In a proceeding to set aside a lease executed by the decedent upon the grounds that the provisions of the lease were unconscionable and the lease was a product of undue influence, the appeal is from a decree of the Surrogate’s Court, Kings County (Bloom, S.), dated June 27, 1990, which set aside the lease.
Ordered that the decree is affirmed, with costs payable by the appellant.
Frank M. LoGuidice, Jr., executed a lease with his uncle, the decedent, on June 1, 1984. The decedent had just been released from the hospital one week before, after having suffered a heart attack. Four days later, the decedent suffered another heart attack and died two weeks after that. The terms of the lease which the nephew presented to the decedent called for the nephew to rent the decedent’s house for a term of 10 years with two renewals of 10 years each, at the sole option of the nephew. The rent was less than one-quarter the market rental value of the house, and the lease called for no increases in the rent over the potential 30-year period. The *660decedent was to be responsible for all maintenance, taxes, and other expenses of the house, including utilities. The lease also gave the nephew as tenant, the unqualified right to sublet the house, but did not give the decedent or his invalid sister any right to remain in the house, which had been their home for approximately 40 years. Furthermore, the lease could not be subordinated, and the tenant could only be evicted for failure to pay rent.

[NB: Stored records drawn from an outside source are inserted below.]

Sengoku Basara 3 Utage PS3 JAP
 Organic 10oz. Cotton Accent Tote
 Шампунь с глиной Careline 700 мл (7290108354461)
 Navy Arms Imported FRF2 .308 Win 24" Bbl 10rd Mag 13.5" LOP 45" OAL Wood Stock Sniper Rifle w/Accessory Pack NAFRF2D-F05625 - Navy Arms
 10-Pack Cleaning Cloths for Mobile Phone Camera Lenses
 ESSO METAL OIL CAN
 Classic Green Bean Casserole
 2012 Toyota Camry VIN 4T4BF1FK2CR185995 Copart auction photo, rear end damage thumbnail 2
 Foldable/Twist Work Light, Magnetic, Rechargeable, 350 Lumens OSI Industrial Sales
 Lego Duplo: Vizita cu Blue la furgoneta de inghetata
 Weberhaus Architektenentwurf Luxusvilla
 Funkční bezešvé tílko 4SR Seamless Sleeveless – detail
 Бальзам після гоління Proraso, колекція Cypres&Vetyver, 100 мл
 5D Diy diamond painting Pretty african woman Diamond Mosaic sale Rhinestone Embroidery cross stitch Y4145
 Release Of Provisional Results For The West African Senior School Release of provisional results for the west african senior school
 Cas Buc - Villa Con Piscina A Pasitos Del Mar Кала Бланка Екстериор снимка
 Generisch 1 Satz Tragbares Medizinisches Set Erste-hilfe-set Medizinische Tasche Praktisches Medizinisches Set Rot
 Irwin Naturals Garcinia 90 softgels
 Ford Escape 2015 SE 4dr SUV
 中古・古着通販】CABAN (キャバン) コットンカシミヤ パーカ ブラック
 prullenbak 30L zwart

At the time of the execution of the lease, the nephew was a real estate developer and was assisted by his then-fiancée, a law student who has since been admitted to practice. On the other hand, the decedent had only a ninth-grade education, was in ill health, and was at least partially dependent on the nephew. The encumbrance of the lease rendered the house unsaleable, and likely would have generated a negative cash flow. It would have left the decedent and his sister without a place to live, and no income from the decedent’s largest asset. Additionally, apparently, the lease would have eviscerated the ability of the decedent’s estate to carry out a primary intent of the decedent’s will: to care for his invalid sister.
Under the circumstances, the Surrogate’s Court properly found that the lease was the product of undue influence (see generally, Allen v La Vaud, 213 NY 322; Matter of Gordon v Bialystoker Ctr. & Bikur Cholim, 45 NY2d 692; Hennessey v Ecker, 170 AD2d 650), and unconscionable (see generally, Mandel v Liebman, 303 NY 383, 93-94; Matter of State of New York v Avco Fin. Serv., 50 NY2d 383, 389; Matter of Friedman, 64 AD2d 70, 84-87). To the extent that any error may have occurred by admitting the testimony of certain interested witnesses, in violation of CPLR 4519 (the Dead Man’s Statute), it was harmless, since there was ample evidence to support the Surrogate’s Court’s findings without resort to any of the objectionable testimony (see, Turner v Danker, 30 AD2d 564; Peters v Morse, 112 AD2d 559, 560). Rosenblatt, J. P., Eiber, O’Brien and Ritter, JJ., concur.